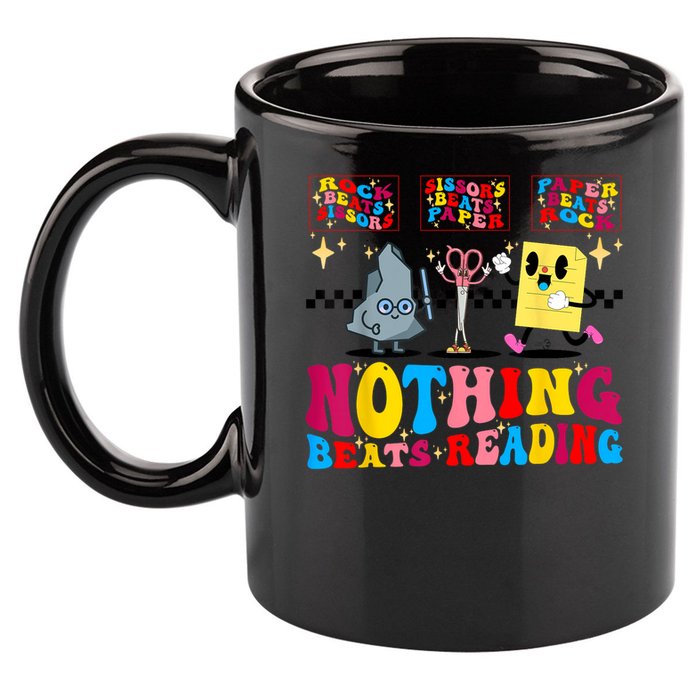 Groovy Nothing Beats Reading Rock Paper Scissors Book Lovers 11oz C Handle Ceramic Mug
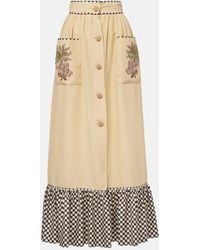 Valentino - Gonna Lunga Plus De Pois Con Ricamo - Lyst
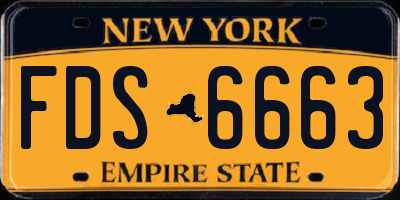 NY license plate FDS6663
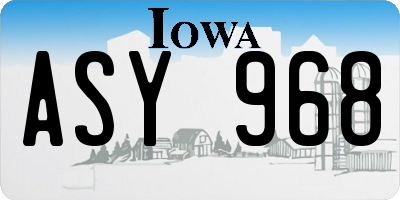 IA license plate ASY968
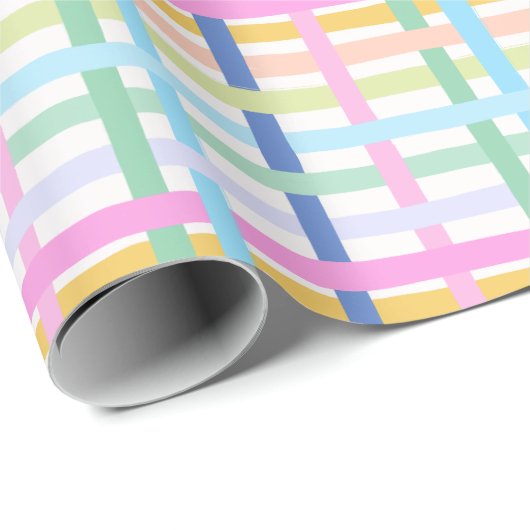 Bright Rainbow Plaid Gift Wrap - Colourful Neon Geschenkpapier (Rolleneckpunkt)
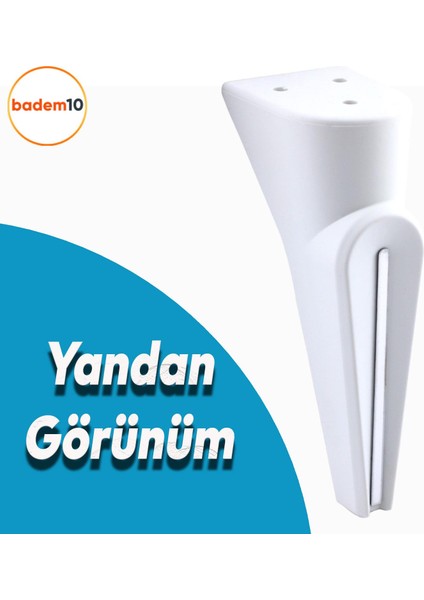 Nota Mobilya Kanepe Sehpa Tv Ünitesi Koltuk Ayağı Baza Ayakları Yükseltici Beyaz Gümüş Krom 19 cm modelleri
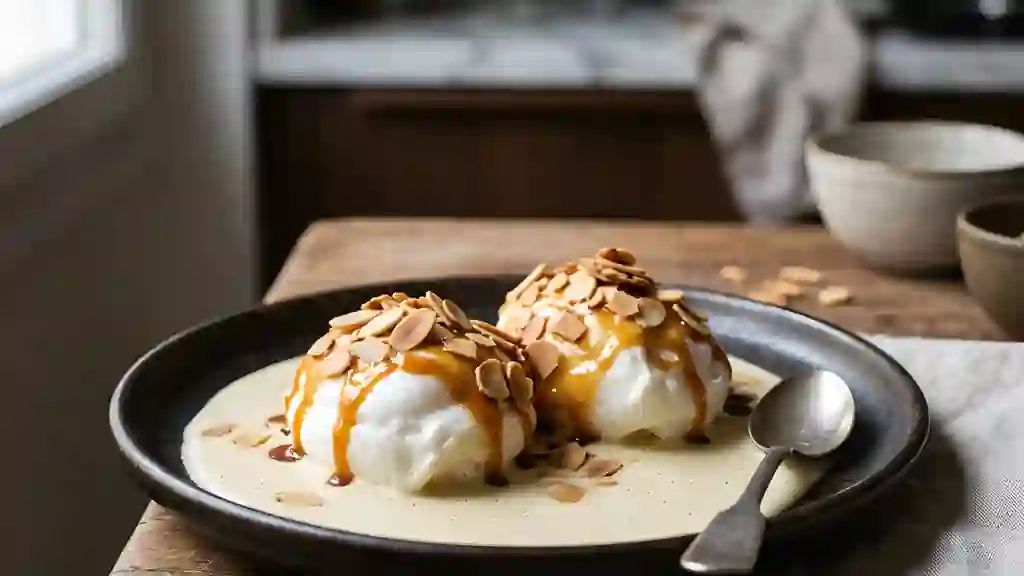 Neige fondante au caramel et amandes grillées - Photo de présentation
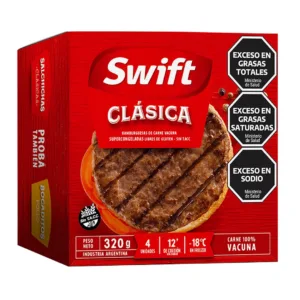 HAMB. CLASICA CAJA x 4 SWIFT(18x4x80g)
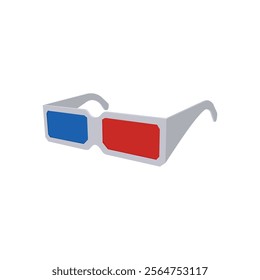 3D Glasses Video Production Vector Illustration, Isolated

--------

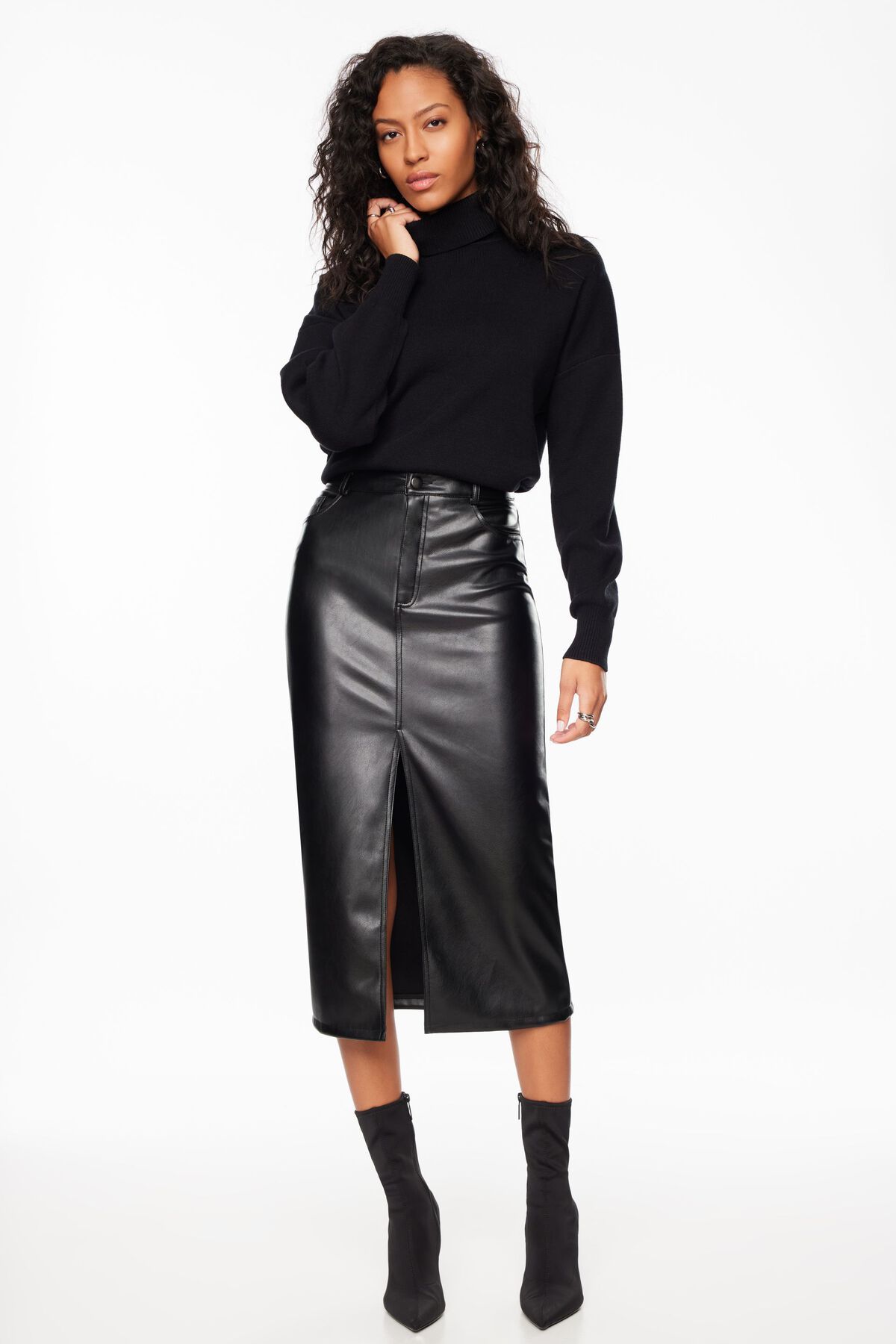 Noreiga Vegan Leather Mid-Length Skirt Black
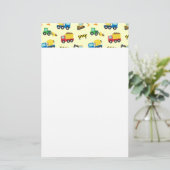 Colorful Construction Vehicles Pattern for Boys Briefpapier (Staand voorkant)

--------

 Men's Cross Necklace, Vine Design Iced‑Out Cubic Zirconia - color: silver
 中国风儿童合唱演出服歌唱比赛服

--------

§ What you need to do
Copy the lines above between the one holding "Nota Mobilya Kanepe" and the one holding "3D Glasses Video", inclusive. Drop the pictures.

§ Output for this task
 Nota Mobilya Kanepe Sehpa Tv Ünitesi Koltuk Ayağı Baza Ayakları Yükseltici Beyaz Gümüş Krom 19 cm modelleri
 Neige fondante au caramel et amandes grillées - Photo de présentation
 HAMB. CLASICA CAJA x 4 SWIFT(18x4x80g)
 3D Glasses Video Production Vector Illustration, Isolated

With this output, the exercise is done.